The media’s questioning of the obvious makes John Key and Wayne Eagleson look like complete wallies. I’m absolutely certain that Helen Clark and Heather Simpson would not have been so lacking of interest in any specific answers.
It has been a mystery to many why Key has hung on so long to Banks’ threadbare justification. It must be because the political consequences are significant, and the stakes very high. Some in the media have dismissed the question of any threat to National’s majority. Short-term maybe, long-term I’m not so sure.
Submissions are under way on the Mixed Ownership Model Bill, recently introduced to Parliament by a one-vote majority of the parties. 61 votes for, 59 from National, 1 from ACT, and 1 from United Future versus 60 votes against, 34 from Labour, 14 from Greens, 8 from New Zealand First, 3 from Maori party and 1 from Mana. As slim as it gets.
If John Banks is convicted of the offence of presenting a false return, and is therefore required to step down from Parliament, or if he decides to resign to focus on clearing his name before he suffers that indignity, there will need to be a by-election in Epsom. Then it gets interesting.

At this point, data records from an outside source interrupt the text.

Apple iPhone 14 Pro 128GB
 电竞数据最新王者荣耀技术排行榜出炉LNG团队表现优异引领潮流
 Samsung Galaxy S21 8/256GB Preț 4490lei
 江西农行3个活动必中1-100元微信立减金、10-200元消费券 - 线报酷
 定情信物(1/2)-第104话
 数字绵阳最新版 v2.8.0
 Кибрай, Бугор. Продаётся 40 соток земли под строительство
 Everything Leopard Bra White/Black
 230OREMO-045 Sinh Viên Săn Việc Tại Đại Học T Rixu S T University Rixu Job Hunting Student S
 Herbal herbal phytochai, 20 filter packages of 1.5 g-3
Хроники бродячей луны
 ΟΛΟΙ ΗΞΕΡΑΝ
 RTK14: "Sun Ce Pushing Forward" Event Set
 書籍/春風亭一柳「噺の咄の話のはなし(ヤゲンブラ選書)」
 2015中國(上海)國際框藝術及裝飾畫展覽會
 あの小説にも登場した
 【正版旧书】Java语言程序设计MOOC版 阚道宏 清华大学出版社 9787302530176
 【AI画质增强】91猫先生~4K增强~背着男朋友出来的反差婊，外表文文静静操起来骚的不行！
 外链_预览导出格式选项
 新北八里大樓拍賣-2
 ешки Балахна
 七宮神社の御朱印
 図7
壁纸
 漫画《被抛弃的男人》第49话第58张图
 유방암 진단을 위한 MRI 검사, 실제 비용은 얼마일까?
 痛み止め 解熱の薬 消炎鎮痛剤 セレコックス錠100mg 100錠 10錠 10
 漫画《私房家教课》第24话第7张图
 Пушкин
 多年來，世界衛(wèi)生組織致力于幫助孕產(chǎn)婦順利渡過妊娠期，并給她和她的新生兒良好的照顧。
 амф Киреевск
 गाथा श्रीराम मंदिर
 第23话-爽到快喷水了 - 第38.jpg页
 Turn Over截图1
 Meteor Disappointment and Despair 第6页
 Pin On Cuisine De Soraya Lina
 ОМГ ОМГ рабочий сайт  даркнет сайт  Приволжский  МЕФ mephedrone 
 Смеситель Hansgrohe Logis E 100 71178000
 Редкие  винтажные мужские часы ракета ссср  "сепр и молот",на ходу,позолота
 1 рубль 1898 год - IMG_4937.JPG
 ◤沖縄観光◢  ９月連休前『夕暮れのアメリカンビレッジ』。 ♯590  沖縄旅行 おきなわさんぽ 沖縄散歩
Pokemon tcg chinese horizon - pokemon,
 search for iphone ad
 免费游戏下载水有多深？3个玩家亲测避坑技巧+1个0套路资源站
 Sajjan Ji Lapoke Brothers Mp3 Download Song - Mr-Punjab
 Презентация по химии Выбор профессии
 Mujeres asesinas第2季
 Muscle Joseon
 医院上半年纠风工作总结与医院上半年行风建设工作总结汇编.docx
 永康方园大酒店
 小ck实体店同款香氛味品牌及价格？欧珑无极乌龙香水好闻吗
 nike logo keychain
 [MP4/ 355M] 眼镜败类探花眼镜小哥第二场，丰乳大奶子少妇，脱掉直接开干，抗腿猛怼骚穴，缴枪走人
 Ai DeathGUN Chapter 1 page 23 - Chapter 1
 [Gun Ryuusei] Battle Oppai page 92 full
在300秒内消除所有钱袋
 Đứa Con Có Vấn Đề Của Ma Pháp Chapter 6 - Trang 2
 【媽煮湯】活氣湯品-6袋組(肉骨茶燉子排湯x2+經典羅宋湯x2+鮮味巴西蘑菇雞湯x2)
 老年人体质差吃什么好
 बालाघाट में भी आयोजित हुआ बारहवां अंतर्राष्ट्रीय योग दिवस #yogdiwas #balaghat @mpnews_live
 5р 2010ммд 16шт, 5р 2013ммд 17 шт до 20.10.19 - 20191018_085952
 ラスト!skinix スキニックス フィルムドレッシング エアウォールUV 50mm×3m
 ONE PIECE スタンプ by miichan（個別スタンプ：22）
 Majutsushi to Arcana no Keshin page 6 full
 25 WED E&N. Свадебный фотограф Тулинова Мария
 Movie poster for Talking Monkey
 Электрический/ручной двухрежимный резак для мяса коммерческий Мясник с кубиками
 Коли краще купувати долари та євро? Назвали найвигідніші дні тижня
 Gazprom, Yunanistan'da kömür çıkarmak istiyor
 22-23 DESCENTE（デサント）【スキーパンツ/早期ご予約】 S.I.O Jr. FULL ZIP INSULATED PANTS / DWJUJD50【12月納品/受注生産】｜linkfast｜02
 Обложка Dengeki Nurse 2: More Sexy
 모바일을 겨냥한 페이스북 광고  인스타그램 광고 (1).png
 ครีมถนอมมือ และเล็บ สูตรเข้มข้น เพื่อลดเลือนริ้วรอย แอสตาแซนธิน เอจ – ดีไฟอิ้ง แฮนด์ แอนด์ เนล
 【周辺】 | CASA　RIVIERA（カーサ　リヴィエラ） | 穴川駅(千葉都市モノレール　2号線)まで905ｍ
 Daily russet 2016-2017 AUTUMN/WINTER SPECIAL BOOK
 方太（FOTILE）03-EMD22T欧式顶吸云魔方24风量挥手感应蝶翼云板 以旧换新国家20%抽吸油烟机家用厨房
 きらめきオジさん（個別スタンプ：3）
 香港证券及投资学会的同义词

If National stands its previous candidate, Paul Goldsmith, who asked Epsom voters only to party-vote National, then National continues to have 59 votes in Parliament, ACT loses its member, and the majority for MOM lapses. Some commentators on Kiwiblog have said Goldsmith could stand, be elected, resign before the writ is returned, have another National member replace him from the list, and then take his seat as the member. This would make Banks look clean.
If National stand a candidate who is not already in Parliament and win the seat, which David Farrar says they would do with ease, then they would have 60 members, more than the 59 they are entitled to under the Electoral Act from party votes cast in 2011. This is because a MP elected from the list remains a Member of Parliament unless they resign. It would be a rort, similar to what happened in the dying days of the Shipley-led National government that led to the party-hopping legislation.
The only other option for the right is for ACT to stand a candidate and National not to enter the lists. Given the smell emanating from ACT and its current zero-rating in the polls, this may be considered too much of a risk.
So it looks like a rort. The surest sign of a dying government.